Closed retorquere closed 8 years ago
Wait, you are saying DeclareCaseLangs is not fixed. Should I stick those languages in a preference so the translator can match?
I think that’s unnecessary. English is the only language that has case conversion. I’d be very surprised if anyone actually ever redefined \DeclareCaseLangs
.
So, on the
\emph
, what is the preference?
\emph{Homo sapiens}
or, if this it not feasible: {{\emph{Homo sapiens}}}
– NOT {\emph{Homo sapiens}}
More complex cases such as
<span class="nocase"><i>Sambucus nigra</i> subsp. <i>canadensis</i></span>
would have to be mapped to either \emph{Sambucus nigra} {subsp.} \emph{canadensis}
or {{\emph{Sambucus nigra} subsp. \emph{canadensis}}}
Or do you see any other options?
title = {From {Bell}’S {Theorem} to {Secure Quantum Key Distribution}},
… how to prevent this?
Not sure. Treat ’
as part of the word? Also, how do the citeproc-js routines for converting to title-case work (they must have some solution for this), and could BBT possibly borrow these?
I've looked into that, but they look to assume a substantial amount of internal state. I'm building a word parser from this right now.
WRT to the \emph{}
case, the reverse case is indeed more complex. It would require lookahead and that's not a level of complexity I'm looking forward to. adding a double-brace to protect would be the easiest way by far.
Argh, and then there is o'neal, where you do want to capitalize both.
Crazy.
I managed to tap into the CSL tittecaser (I think!), so we'll see how that goes. Not super enthusiastic about changing peoples' capitalization, so the title casing will definitely be behind a off-by-default preference.
It's starting to look fairly decent. Only titles are cased right now, I'd appreciate a list of fields that need this treatment (and help getting the test files updated for the new behavior).
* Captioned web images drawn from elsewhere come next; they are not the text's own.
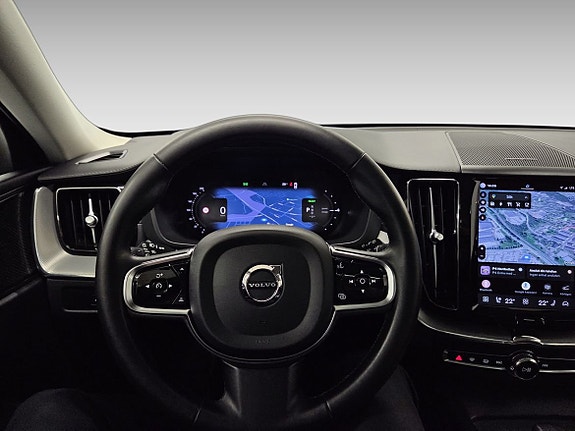 Volvo XC60 7 of 16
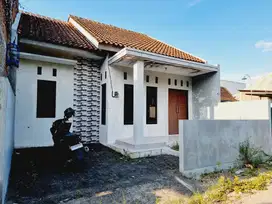 Rumah Nyaman dan Luas Siap Huni di Colomadu Kra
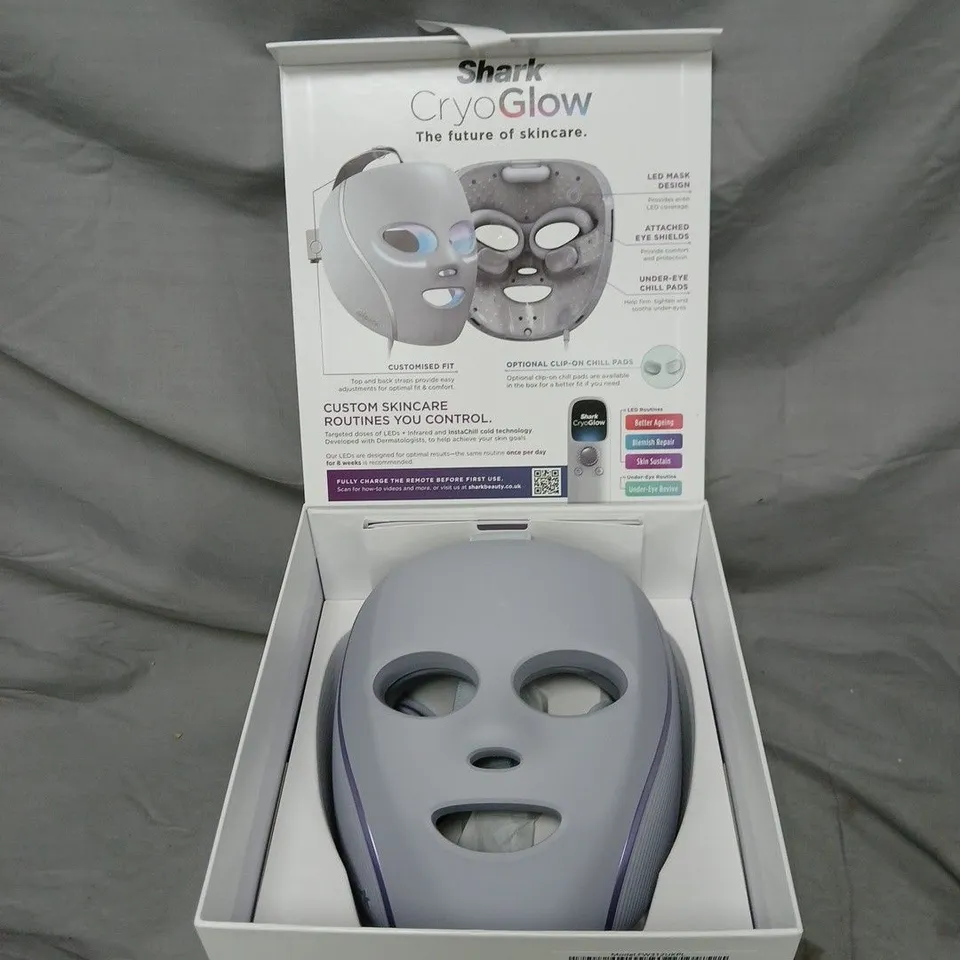 SHARK CRYOGLOW UNDER-EYE MASK WITH LED COOLING TECHNOLOGY – BOXED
The title casing is a little fragile as the CSL titlecaser (sensibly) expects to be handed whole sentences, and I'm handing it fragments as I deal with the embedded HTML.
… I'm handing it fragments …
But since Zotero fields may contain embedded <span class="nocase">…<span>
, <i>…</i>
, <b>…</b>
, etc. anyway, I would have expected the CSL titlecaser to be able to handle this.
… a list of fields that need this treatment …
title, container-title (except in Journal Article, Magazine Article, Newspaper Article), volume-title; not collection-title.
… getting the test files updated …
I’m afraid right now I’m still too busy with testing edge cases in biblatex (see e.g. https://tex.stackexchange.com/questions/276943/biblatex-how-to-to-emphasize-but-not-caps-protect; documentation is a complete mess).
The titlecaser doesn't uppercase anything inside HTML tags. If that's OK, I'm fine with that (it would simplify things), but it doesn't seem right.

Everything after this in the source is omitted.